Finding discrete logarithm with baby-step-giant-step algorithm

Question

I am trying to use the Baby Step Giant Step algorithm to find discrete logarithm in: $$a^x= B \pmod p$$ with using BSGS: $$x = im+j$$ $$a^j = B a^{-im}$$ where $m = \sqrt{p}$

Wikipedia says:

A cyclic group of order $p$, having a generator $\alpha$ and an element $B$.

But $p$ is a 158 bit number.

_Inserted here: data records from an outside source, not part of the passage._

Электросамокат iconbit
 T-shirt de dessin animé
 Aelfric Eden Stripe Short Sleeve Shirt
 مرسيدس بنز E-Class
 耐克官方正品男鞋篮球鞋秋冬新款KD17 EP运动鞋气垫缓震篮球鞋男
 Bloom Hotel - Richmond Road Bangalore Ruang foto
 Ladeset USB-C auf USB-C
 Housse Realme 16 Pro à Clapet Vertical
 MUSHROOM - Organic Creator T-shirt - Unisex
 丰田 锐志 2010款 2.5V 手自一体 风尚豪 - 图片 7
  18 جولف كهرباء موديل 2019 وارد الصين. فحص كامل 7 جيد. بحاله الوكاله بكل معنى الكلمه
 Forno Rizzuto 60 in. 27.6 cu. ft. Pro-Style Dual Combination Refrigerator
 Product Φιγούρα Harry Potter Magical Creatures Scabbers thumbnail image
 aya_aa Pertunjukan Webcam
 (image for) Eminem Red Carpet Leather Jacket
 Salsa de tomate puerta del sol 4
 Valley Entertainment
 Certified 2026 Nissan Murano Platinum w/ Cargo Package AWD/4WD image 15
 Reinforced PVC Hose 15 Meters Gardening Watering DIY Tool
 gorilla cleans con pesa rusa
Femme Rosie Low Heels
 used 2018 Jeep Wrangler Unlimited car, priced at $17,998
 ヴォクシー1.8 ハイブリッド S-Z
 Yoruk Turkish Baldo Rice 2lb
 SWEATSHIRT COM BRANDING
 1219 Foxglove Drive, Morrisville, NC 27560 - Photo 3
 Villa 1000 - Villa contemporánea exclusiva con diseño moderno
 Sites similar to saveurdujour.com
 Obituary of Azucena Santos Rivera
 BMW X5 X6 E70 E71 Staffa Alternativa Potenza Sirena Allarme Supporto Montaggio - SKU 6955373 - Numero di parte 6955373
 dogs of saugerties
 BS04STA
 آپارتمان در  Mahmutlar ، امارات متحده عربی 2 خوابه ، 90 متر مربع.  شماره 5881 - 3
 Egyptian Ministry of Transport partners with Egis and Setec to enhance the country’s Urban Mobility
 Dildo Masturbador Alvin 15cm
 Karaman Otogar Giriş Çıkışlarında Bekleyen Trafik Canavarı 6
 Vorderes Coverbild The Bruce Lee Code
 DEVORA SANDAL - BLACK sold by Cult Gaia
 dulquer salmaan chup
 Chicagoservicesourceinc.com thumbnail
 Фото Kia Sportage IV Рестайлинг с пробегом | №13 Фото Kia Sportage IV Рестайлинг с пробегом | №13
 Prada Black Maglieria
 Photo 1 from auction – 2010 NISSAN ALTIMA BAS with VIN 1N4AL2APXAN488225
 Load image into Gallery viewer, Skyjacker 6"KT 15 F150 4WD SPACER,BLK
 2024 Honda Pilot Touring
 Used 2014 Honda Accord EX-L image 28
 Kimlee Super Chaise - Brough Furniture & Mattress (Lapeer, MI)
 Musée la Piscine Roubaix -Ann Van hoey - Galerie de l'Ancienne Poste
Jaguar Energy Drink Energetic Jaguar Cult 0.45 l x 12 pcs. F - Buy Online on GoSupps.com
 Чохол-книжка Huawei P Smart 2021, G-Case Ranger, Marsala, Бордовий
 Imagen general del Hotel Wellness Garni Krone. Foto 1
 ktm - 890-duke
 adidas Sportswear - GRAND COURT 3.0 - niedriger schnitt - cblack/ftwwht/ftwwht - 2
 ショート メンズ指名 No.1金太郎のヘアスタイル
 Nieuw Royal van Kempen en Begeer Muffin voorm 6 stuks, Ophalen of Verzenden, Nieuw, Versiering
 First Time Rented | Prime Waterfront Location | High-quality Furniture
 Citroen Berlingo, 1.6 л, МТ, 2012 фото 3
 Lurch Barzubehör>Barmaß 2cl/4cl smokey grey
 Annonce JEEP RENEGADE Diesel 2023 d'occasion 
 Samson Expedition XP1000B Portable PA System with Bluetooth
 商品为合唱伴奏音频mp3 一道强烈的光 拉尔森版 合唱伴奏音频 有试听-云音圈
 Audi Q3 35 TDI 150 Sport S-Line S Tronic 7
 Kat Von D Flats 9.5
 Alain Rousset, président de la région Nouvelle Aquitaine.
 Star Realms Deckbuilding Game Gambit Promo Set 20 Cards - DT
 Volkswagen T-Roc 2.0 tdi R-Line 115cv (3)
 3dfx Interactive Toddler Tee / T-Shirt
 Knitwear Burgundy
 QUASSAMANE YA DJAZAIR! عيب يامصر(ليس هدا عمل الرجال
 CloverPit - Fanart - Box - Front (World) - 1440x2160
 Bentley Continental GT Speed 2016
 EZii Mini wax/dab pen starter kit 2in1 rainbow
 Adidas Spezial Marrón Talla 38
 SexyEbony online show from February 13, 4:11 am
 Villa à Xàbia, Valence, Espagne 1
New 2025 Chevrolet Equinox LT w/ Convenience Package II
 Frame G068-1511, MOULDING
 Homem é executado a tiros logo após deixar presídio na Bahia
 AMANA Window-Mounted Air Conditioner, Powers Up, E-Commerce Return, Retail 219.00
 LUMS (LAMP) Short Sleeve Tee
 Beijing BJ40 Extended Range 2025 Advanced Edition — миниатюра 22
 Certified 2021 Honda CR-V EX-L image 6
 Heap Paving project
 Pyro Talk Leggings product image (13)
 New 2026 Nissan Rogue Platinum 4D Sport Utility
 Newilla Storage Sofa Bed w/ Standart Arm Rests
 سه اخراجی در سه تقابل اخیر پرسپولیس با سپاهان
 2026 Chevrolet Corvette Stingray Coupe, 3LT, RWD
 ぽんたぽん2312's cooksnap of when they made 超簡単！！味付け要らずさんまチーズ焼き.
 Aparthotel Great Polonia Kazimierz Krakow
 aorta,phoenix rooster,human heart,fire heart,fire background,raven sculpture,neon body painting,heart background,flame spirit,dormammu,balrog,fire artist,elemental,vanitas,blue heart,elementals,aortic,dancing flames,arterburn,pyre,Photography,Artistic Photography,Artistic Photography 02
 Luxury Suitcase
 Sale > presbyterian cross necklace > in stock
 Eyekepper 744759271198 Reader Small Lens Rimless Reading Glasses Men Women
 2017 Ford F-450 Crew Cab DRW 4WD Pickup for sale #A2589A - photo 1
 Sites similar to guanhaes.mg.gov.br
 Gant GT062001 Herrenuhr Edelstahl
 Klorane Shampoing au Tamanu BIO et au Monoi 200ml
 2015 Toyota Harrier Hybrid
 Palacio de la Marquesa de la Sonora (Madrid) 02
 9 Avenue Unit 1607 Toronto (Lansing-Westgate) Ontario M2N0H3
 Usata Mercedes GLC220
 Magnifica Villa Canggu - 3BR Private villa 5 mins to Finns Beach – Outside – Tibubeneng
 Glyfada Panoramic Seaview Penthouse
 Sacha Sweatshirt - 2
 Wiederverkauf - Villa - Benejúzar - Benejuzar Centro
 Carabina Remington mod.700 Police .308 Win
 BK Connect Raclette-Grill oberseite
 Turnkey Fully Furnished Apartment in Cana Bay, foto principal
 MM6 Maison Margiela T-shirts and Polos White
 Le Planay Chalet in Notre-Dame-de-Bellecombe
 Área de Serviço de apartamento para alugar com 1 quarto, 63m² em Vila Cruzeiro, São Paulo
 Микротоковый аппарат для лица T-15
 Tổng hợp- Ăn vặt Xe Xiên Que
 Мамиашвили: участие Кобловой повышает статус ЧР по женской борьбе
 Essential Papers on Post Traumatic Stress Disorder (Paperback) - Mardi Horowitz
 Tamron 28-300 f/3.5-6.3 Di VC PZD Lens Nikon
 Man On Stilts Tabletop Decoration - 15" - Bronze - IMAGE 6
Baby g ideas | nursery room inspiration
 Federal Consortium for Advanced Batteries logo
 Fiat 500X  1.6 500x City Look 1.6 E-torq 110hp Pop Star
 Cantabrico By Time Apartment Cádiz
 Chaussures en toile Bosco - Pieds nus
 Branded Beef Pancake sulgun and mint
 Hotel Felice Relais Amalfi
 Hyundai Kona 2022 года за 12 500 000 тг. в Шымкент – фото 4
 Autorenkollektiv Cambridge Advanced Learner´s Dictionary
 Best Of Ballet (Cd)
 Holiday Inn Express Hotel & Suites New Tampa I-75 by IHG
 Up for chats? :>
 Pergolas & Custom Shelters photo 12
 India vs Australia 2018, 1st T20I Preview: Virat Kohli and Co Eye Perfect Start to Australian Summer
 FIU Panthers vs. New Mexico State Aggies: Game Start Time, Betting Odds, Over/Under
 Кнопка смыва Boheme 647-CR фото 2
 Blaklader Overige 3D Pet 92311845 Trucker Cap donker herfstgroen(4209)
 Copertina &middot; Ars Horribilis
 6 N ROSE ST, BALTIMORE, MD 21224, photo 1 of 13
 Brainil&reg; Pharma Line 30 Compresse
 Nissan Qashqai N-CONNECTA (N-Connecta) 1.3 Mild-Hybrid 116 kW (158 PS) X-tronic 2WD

Hence $m$ is too large and I know that $j$ is not a very big number, $j < k$, where $k \ll n$. I try to limit test values for $j$ and $i$ by defining $n$ as the next prime of $k$, but in this case I have this problem:

$$x = im+j \pmod {\operatorname{nextPrime}(k)}$$

$$a^x = B\pmod p$$ and when I try $B a^{-im}$ it does not give me $a^j$ because $B$ is actually $a^x \pmod p$ and I cannot find it in the lookup table I have created using values of $a^j$.

How can I solve this?

Answer 1

To search for the values $a^x$ in the range $0 < x < k$, what you need to do is set $m = \sqrt{k}$ (rounded up), and then do the Baby Step/Giant Step algorithm for $0 \le i, j < m$.

That is, you generate the values $a^0, a^1, ..., a^{m-1}$ and the values $B\cdot a^{-0}, B\cdot a^{-m}, B\cdot a^{-2m}, ..., B\cdot a^{-(m-1)m}$; if $x<k$, then there will be a colliding pair $a^j = B\cdot a^{-im} = a^x \cdot a^{-im}$ with $x = j +im$